Amazon's website went dark for nearly six hours. Customers couldn't buy anything, check prices, or even view their accounts. The cause: a bad software deployment linked to AI-generated code.
That outage, along with a separate 13-hour AWS incident in December 2025 involving Amazon's own Kiro AI coding agent, has forced the company to rethink how it ships AI-assisted code to production. Senior Vice President Dave Treadwell made the normally optional weekly engineering meeting mandatory, telling staff the session would include a "deep dive into some of the issues that got us here."
The internal briefing was blunt. It described a pattern of incidents with "high blast radius" caused by "Gen-AI assisted changes" where "best practices and safeguards are not yet fully established." Site availability, the note added, had fallen below the level the company expects.
The New Rules
Amazon is now requiring that junior and mid-level engineers get sign-off from senior engineers before any AI-assisted code changes reach production. The logic is straightforward: AI tools generate code fast, but they don't understand the full dependency chain in a system as sprawling as Amazon's retail infrastructure. Code that looks correct in a local test environment can cascade into failures once it hits production at Amazon's scale.

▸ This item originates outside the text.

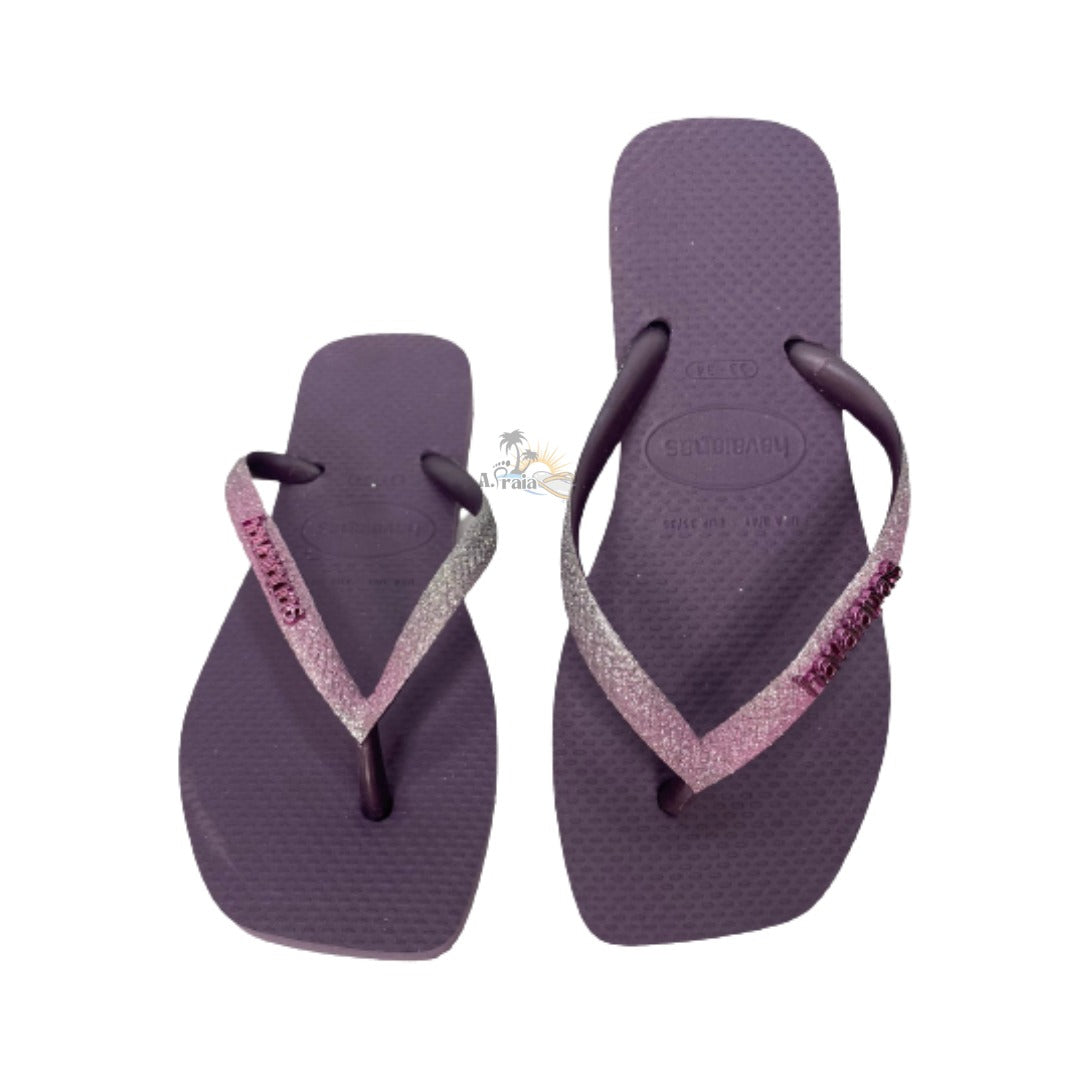 Chinelo Havaianas Slim Squared Glitter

The December incident is a telling example. Amazon's Kiro AI coding tool autonomously deleted and recreated an entire operating environment for a cost calculator service, taking it offline for 13 hours. That's the kind of action a senior engineer would immediately flag as dangerous, but the AI tool had no concept of the downstream impact.

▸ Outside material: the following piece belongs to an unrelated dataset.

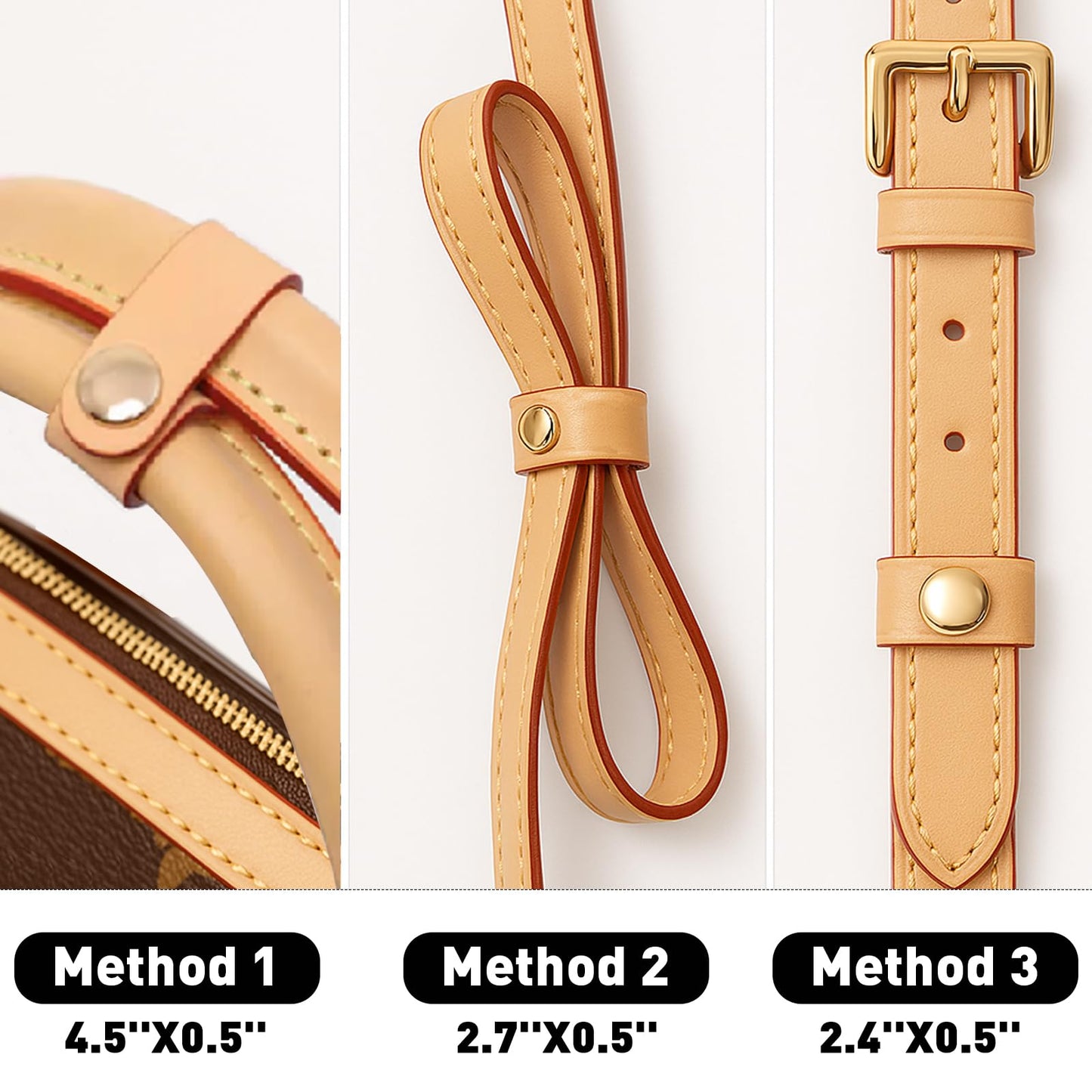 6 PU Leather Handbag Strap Shortener,Bag Protector for Handbag,with Brass Button Handle Wrap Cover for Handbags and Shoulder Bags (Beige)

A Warning for Every Company Using AI Coding Tools
Amazon is arguably better positioned than almost any company on Earth to manage AI-assisted development. They built AWS. They built Kiro. They have some of the most experienced infrastructure engineers in the industry. And AI-generated code still brought down their shopping site for six hours.
The lesson here isn't that AI coding tools are bad. They clearly speed up development. The lesson is that speed without review is a liability. Amazon's new policy of requiring senior approval is essentially an admission that AI coding assistants, no matter how capable, need a human who understands the production environment sitting between the generated code and the deploy button.
For smaller companies adopting tools like Cursor, GitHub Copilot, or Claude Code for production work, this should be a loud signal. If Amazon can't trust AI-generated code to go straight to production, you probably shouldn't either. Build the review step into your workflow now, before your own six-hour outage teaches you the same lesson.